Building Commission Proposes Vacant Home Registry For Evansville

A new proposal for a Vacant Home Registry was introduced and officials say it's desperately needed. The Building Commission is still in the preliminary stages of what the online registry will include but, say it will be similar to the programs in South Bend and Clarkesville, Indiana.
The City of Evansville is taking more steps in the battle against vacant properties. Soon there could be an official registry to keep track of them all. The city says these homes drain their resources making the registry a necessary step.

"I've never seen so many abandoned homes before", says Lana Gonzalez.

"Just dilapidation" added, Charles Folden.

Vacant homes are an eye soar in any neighborhood including the River City.

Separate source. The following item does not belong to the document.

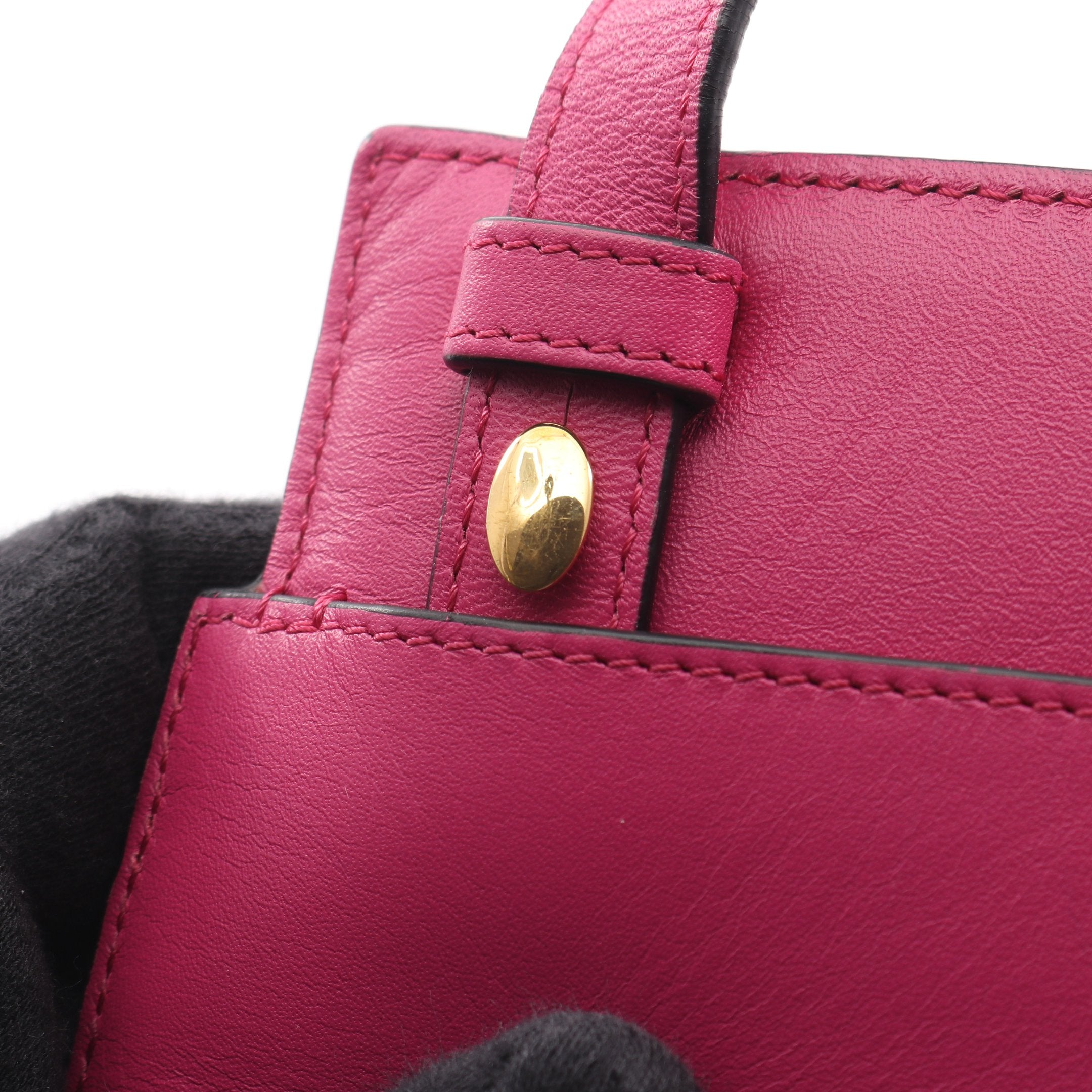 Tポーチ アナグラム ショルダーバッグ レザー ピンクパープル ロエベ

Folden says, "It decreases the value definitely. It decreases the value".

The issue has not gone unnoticed by the city who inspect and maintain the homes. A new proposal for a Vacant Home Registry was introduced and officials say it's desperately needed. The Building Commission is still in the preliminary stages of what the online registry will include but, say it will be similar to the programs in South Bend and Clarkesville, Indiana.

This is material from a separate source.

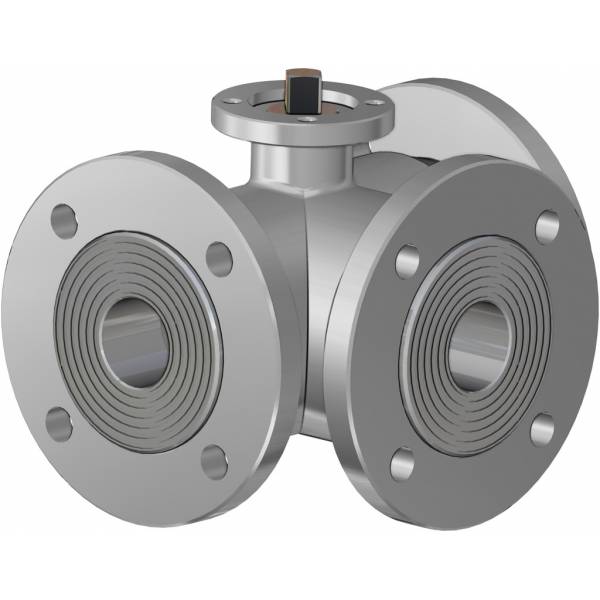 Valvola A Sfera Flangiata Wafer In Acciaio Inossidabile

Building Commissioner, Ben Miller says the registry will make it easier to make note of all vacant homes and their owners. Penalties could also be tied to property taxes if the homes are not kept.

"People just walk away from them and they really drain city resources. We're out there. We have to mow them. Nobody is paying the sewer bill on them!", Miller added.

Charles Folden has lived in Evansville for 8 years and says the tally on vacant homes are going up. 

"People should have the integrity of home ownership and uplift the property as they own their own homes. It should be an inspiration for the whole community" Folden says.

Neighbors say the empty lots attract trespassers and illegal activity. Danny Fitzgerald says the homeless seek shelter in these homes.

"In the winter they try to get out of the weather and try to break into a place that's been empty for so long", added Fitzgerald.

While the city looks into different options folks are also offering their own suggestions in turning these communities around.

Lana Gonzalez adds, "the best idea for the homes would be for the city to find a way for low income families to be able to purchase the houses".